Stored items:
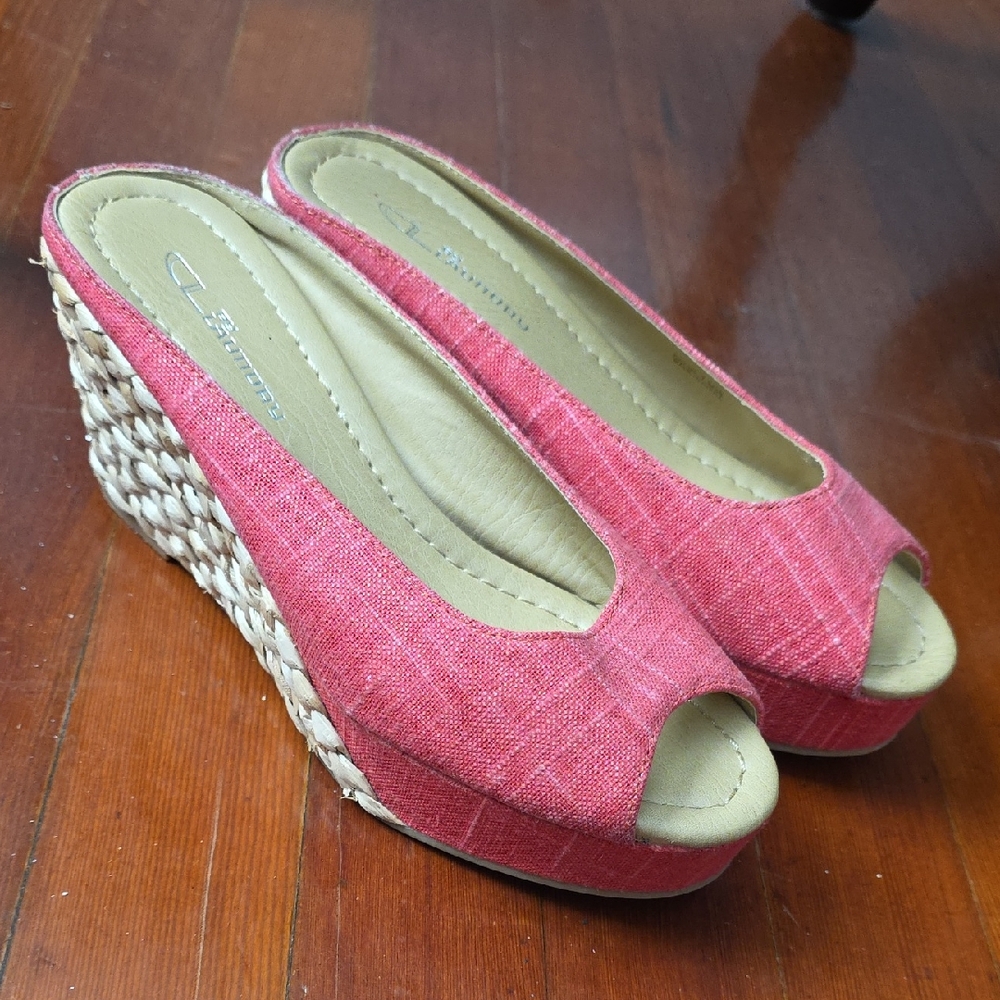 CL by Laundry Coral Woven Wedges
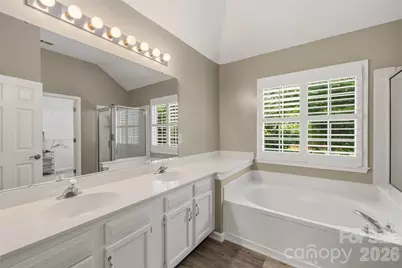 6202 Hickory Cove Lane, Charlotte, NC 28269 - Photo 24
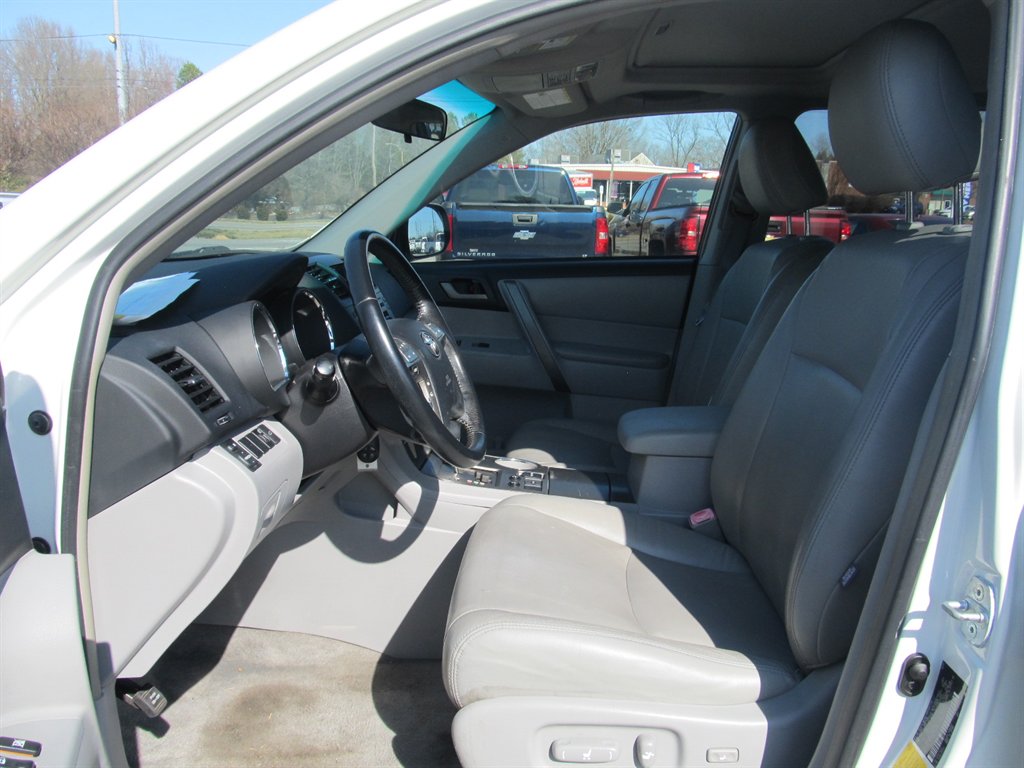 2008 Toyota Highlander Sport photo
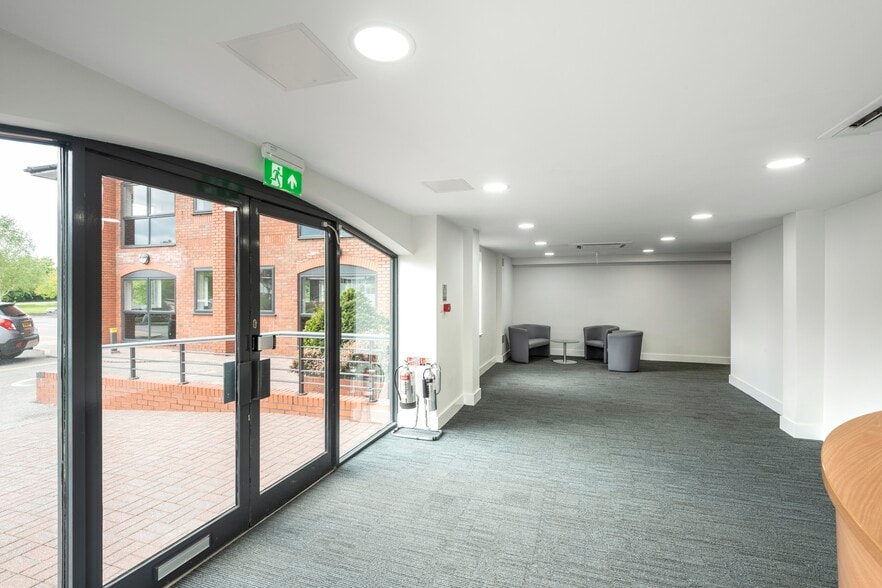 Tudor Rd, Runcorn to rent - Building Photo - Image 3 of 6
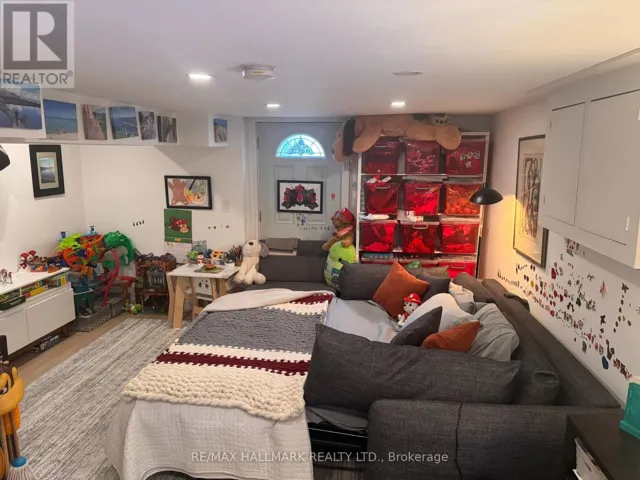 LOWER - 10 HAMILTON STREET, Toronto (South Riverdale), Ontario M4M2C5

Task instructions: Leave every picture out and copy precisely the lines from the one containing "6202 Hickory Cove" through the last line of the data above, both ends included.

Finished exercise:
 6202 Hickory Cove Lane, Charlotte, NC 28269 - Photo 24
 2008 Toyota Highlander Sport photo
 Tudor Rd, Runcorn to rent - Building Photo - Image 3 of 6
 LOWER - 10 HAMILTON STREET, Toronto (South Riverdale), Ontario M4M2C5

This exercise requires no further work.